*** Opening RECORDS SUPPLIED ***

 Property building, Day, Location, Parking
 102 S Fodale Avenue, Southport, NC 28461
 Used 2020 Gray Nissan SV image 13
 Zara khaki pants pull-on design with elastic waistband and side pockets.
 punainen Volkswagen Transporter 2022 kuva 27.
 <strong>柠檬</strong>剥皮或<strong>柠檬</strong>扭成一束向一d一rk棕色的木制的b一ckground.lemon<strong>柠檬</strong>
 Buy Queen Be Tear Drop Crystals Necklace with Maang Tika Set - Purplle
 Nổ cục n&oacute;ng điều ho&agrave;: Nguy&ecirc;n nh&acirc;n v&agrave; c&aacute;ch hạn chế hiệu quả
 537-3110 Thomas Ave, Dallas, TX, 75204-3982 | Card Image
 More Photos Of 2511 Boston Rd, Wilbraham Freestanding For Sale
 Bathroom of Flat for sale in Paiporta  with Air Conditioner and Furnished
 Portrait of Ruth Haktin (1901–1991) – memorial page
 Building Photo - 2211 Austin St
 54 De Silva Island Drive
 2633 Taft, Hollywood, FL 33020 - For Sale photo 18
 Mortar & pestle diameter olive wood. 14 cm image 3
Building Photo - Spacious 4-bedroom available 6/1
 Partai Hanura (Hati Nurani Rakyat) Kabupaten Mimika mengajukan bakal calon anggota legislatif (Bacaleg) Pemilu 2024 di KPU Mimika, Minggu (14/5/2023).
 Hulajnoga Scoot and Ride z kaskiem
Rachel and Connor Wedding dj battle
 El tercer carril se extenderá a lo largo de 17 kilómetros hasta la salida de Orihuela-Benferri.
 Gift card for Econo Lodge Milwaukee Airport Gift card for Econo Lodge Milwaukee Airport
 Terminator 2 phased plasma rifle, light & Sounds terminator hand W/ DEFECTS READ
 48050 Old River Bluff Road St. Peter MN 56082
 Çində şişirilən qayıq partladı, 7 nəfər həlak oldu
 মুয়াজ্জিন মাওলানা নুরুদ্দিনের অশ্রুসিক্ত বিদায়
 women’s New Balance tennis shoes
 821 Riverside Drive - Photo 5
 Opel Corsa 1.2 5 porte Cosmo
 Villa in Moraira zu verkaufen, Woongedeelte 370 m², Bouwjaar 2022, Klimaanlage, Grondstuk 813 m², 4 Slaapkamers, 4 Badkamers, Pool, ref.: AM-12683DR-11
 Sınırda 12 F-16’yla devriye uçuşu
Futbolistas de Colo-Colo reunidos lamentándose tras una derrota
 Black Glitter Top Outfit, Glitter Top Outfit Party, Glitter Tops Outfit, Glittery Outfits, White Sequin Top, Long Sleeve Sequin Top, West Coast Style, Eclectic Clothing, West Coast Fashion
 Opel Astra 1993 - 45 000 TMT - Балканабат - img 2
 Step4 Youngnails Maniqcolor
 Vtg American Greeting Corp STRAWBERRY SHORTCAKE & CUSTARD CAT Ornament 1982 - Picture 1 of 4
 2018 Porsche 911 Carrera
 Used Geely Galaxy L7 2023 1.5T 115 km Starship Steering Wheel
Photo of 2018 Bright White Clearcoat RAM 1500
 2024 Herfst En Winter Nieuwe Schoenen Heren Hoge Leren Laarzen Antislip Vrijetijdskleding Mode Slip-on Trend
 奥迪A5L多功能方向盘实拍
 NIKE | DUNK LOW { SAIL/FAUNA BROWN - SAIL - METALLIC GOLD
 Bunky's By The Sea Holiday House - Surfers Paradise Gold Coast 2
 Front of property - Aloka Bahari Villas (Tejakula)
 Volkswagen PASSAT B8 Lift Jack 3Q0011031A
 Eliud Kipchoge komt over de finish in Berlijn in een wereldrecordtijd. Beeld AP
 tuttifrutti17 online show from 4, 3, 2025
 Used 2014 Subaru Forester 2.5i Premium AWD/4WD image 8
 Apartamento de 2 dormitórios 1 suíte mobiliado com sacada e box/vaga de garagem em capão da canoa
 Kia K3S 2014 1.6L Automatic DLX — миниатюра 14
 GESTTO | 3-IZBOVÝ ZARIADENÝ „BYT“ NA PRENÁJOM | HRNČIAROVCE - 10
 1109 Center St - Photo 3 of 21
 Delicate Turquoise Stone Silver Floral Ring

*** Closing RECORDS SUPPLIED ***

**ABOUT THIS EXERCISE**
Give back precisely the lines above that start at the line containing "More Photos Of" and end at the line containing "Gift card for Econo Lodge Milwaukee Airport Gift", inclusive. No other lines belong in the output.

**EXPECTED ANSWER**
 More Photos Of 2511 Boston Rd, Wilbraham Freestanding For Sale
 Bathroom of Flat for sale in Paiporta  with Air Conditioner and Furnished
 Portrait of Ruth Haktin (1901–1991) – memorial page
 Building Photo - 2211 Austin St
 54 De Silva Island Drive
 2633 Taft, Hollywood, FL 33020 - For Sale photo 18
 Mortar & pestle diameter olive wood. 14 cm image 3
Building Photo - Spacious 4-bedroom available 6/1
 Partai Hanura (Hati Nurani Rakyat) Kabupaten Mimika mengajukan bakal calon anggota legislatif (Bacaleg) Pemilu 2024 di KPU Mimika, Minggu (14/5/2023).
 Hulajnoga Scoot and Ride z kaskiem
Rachel and Connor Wedding dj battle
 El tercer carril se extenderá a lo largo de 17 kilómetros hasta la salida de Orihuela-Benferri.
 Gift card for Econo Lodge Milwaukee Airport Gift card for Econo Lodge Milwaukee Airport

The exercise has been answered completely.